J’ai l’impression d’avoir aimé un mirage. Une inconsistance. Six mois d’errance. Mes questionnements méta initiaux étaient bel et bien valables, même s’il faut l’admettre, j’étais loin d’avoir saisi l’étendue de toute cette relation. Je ne me sens pas floué, mais je réalise seulement que tout ça n’avait pas la pureté prétendue, que je me suis fait consumer tout du long. Il faut le vivre pour en saisir la perversité, en saisir les détails qui n’en sont pas, les mécaniques houleuses difficilement explicables et travesties pour mieux être dissimulées.

Pris par mon histoire, emporté par la sienne, le tout exacerbé par des batailles égotiques et bien d’autres malheurs ; un micmac incroyable dont s’extraire a été une prouesse technique de haute voltige. Sérieux. Je m’interroge sur ma capacité à faire durer plus de 6 mois une relation. C’est mal parti. Sempiternels simulacres.

En matière de sensations, la perte de l’être aimé nous rend soudainement l’existence insupportable. L’inanité de la vie refait surface, brusquement. On suffoque, les poumons ployants sous le poids du réel, prêt à s’effondrer sur eux-mêmes ; les entrailles brûlantes, rongées par le mal ; cerveau à l’arrêt, incapable de modéliser cette nouvelle réalité. Plus rien n’a de goût, et on a le sentiment d’avoir tout perdu, de ne plus être, comme si finalement on se réduisait à l’attention que cette personne nous portait jusqu’à alors, comme si on ne se définissait ou n’existait qu’à travers elle.

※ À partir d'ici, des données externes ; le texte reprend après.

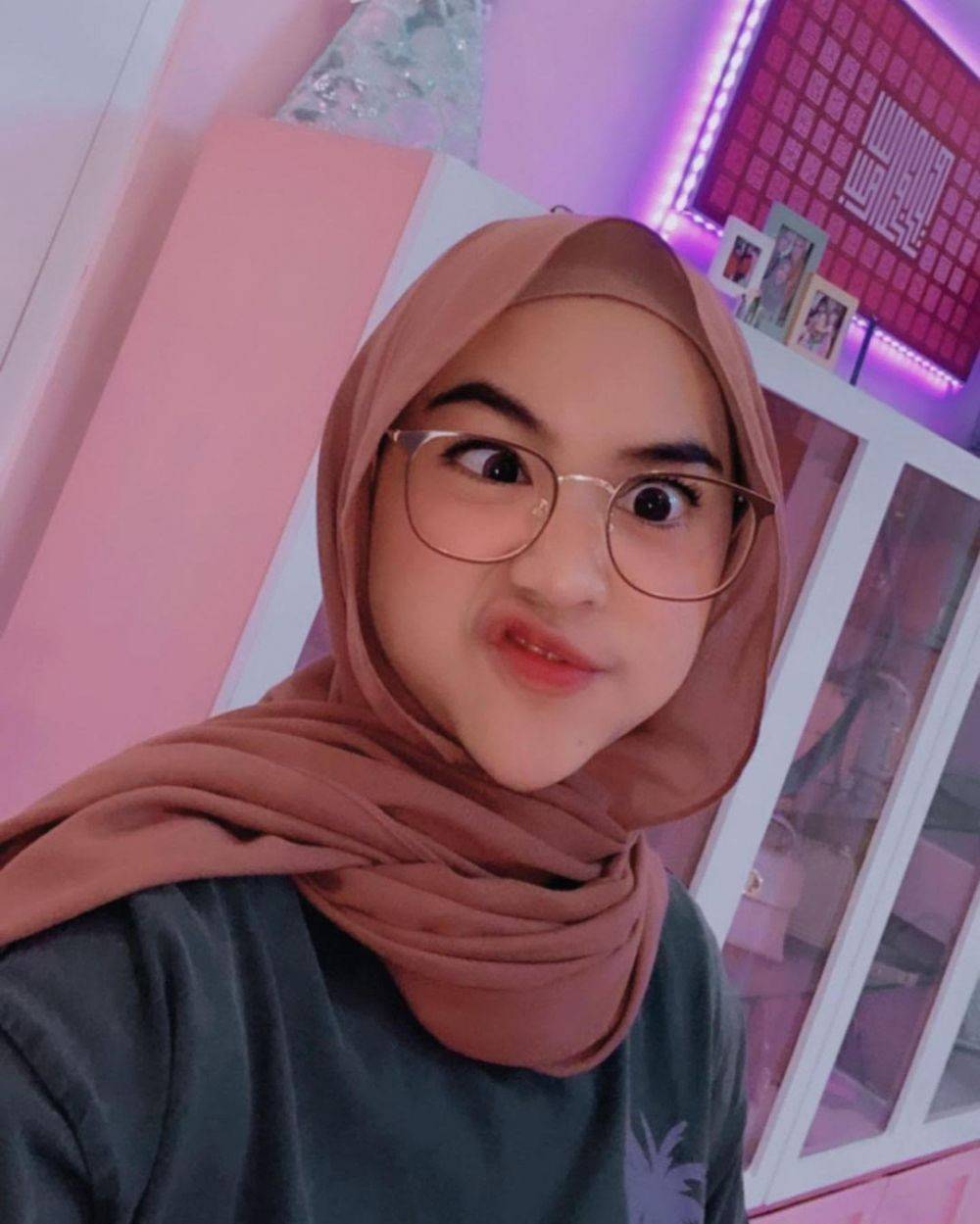 Jadi YouTuber Nomor 1 Di Asia, 10 Potret Ria Ricis Ceria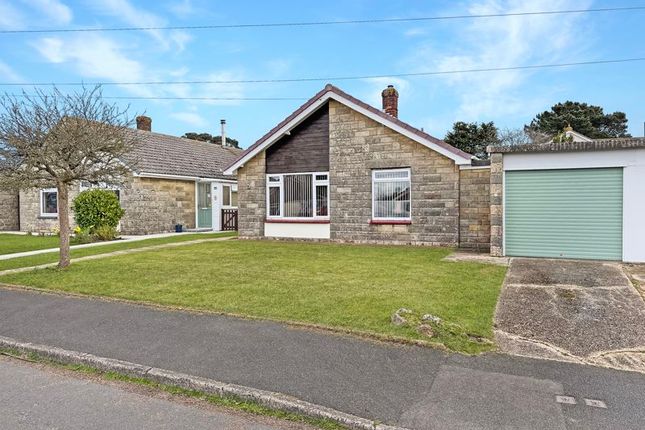 2 bed property, in Venner Avenue, £280,000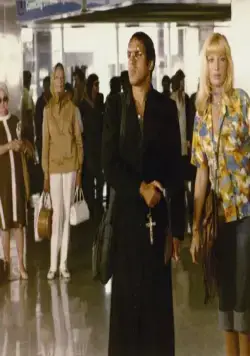 Другая половина неба (1977) через торрент скачать Другая половина неба (1977) фильм через торрент скачать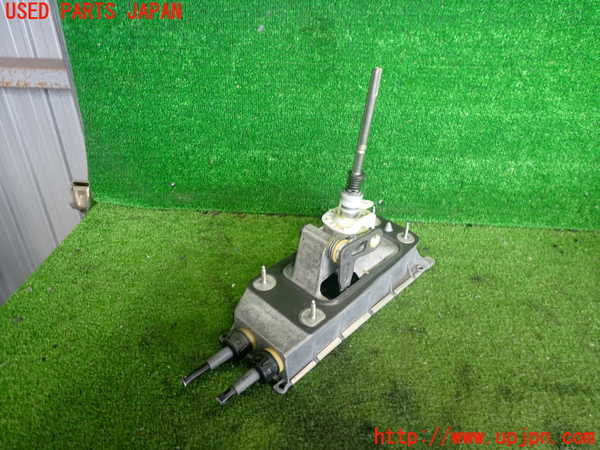 2UPJ-9237527560]VW up! GTI(アップ GTI)(AADKR)MTシフトレバー 中古_2
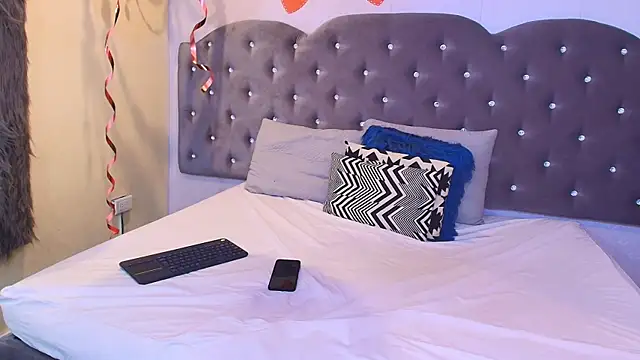 Snapshot of alanna_flowers chatting on 02-17-26, 08:28 alanna flowers online show from 02-17-26, 08:28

La carence affective ressort, à vif, sans contrefaçon. Une plaie béante découverte après que la rupture ait arraché le pansement qu’on avait méticuleusement tenter de coller dessus. On souffre, on en veut à l’autre, on s’en veut. L’idée de ne plus recevoir son attention, de perdre son attachement, de savoir que notre valeur à ses yeux, déjà volatile, est maintenant inexistante, et que notre amour va vivre d’autres aventures. Tout cela nous déchire le coeur ; quand bien même on le savait depuis le départ, car oui, toutes les histoires ont une fin.
Pourtant on sent bien que c’est faux, au moins une partie de nous, que ce n’est pas tant l’être qu’on croyait aimer qui nous manque ; comme bien souvent, tout ça n’était qu’une histoire que nous nous sommes raconté, universelle, qui aurait pu être vécue à l’identique par d’autres protagonistes. Alors quelle histoire ? Pourquoi ?

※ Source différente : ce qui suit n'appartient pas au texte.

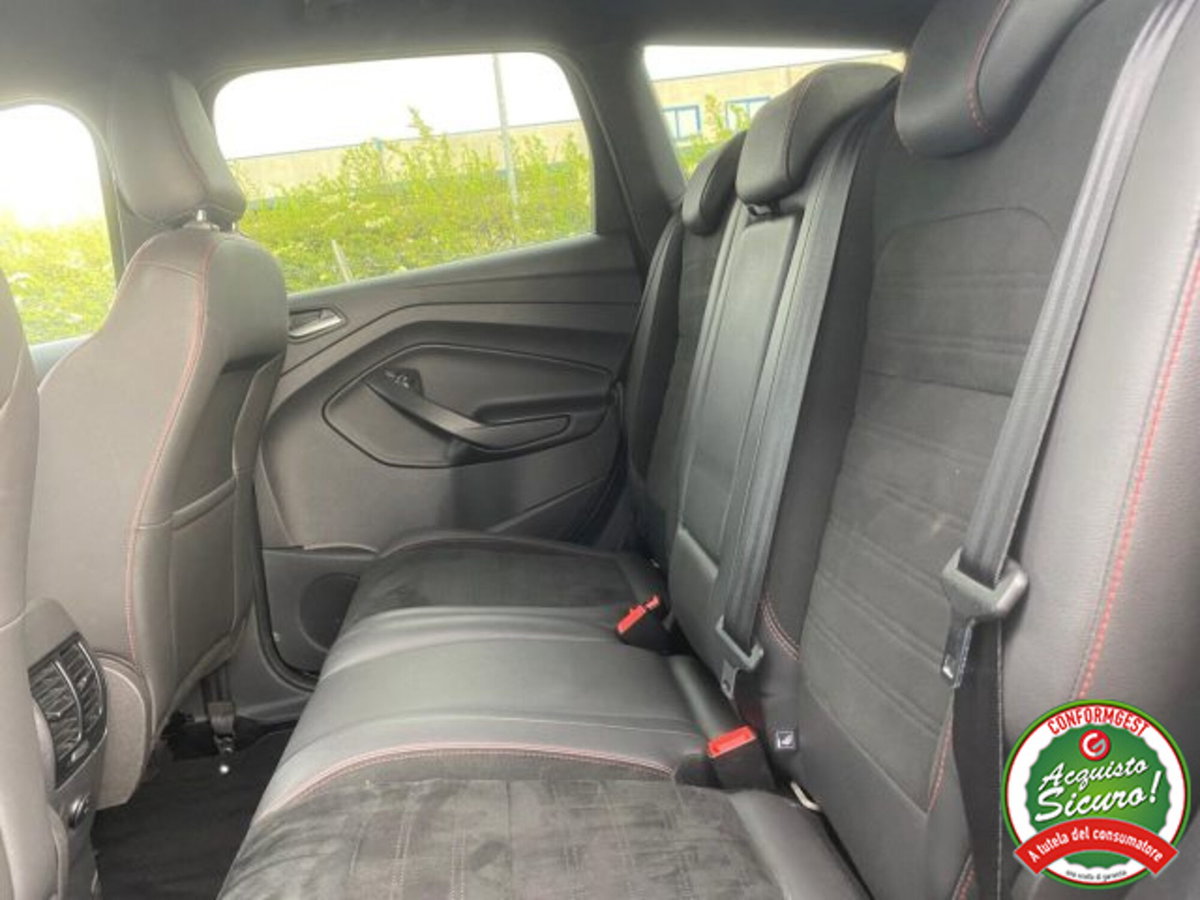 Ford Kuga 1.5 TDCI 120CV S&S 2WD Powershift ST-Line Business (10)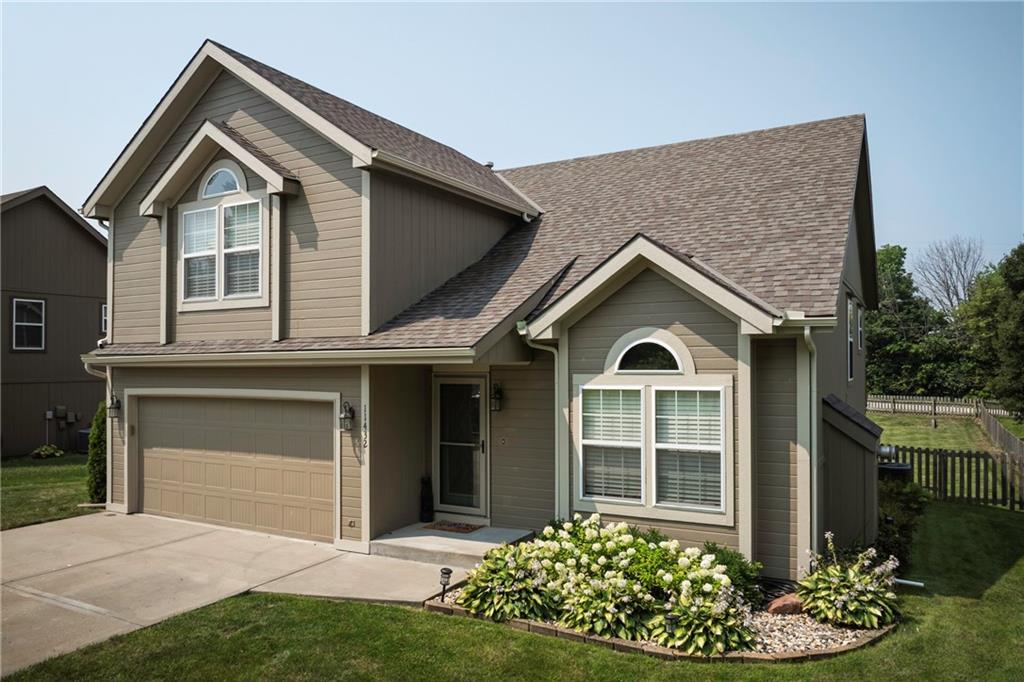 Listing Photo MLS #HMS2577636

Avais-je besoin de me brûler les ailes, de me consumer, finir sur la croix, sentir mon sang perler le long du corps et animer les frissons de mes péchés. Est-ce que mon destin est ainsi scellé ? N’y a t’il donc aucun échappatoire ? Sommes-nous condamnés à répéter les mêmes schémas, inlassablement, sans conscience ?
Le plus exaspérant, reste de savoir que tout cela est faux, et pourtant d’en souffrir quand même. De souffrir pour les mauvaises raisons, raisons de l’esprit fantasque, que nous avons montées de toute pièce. L’ère du mensonge : on le savait, on le sait, mais atteindre le rêve et s’y lover était tellement plus délicieux, qu’on a fini par se prendre à notre propre jeu.

Tout cela me fait écho, quoique je me sente un peu plus détaché, plus apaisé. Qui sait. Comprendre n’est pas maitriser. Je pense seulement avoir fait ce qui était nécessaire. Nous avons vécus, ensemble, ce qui devait être vécu. Il n’y a dès lors rien de plus que nous puissions faire maintenant, sinon poursuivre un rêve qui nous abime. Chose dont je ne veux plus. Je ne puis que reprendre la mer et m’effacer au large, dans un horizon incertain. Ainsi, mon songe marocain s’évapore ; j’espère ne pas la laisser me hanter.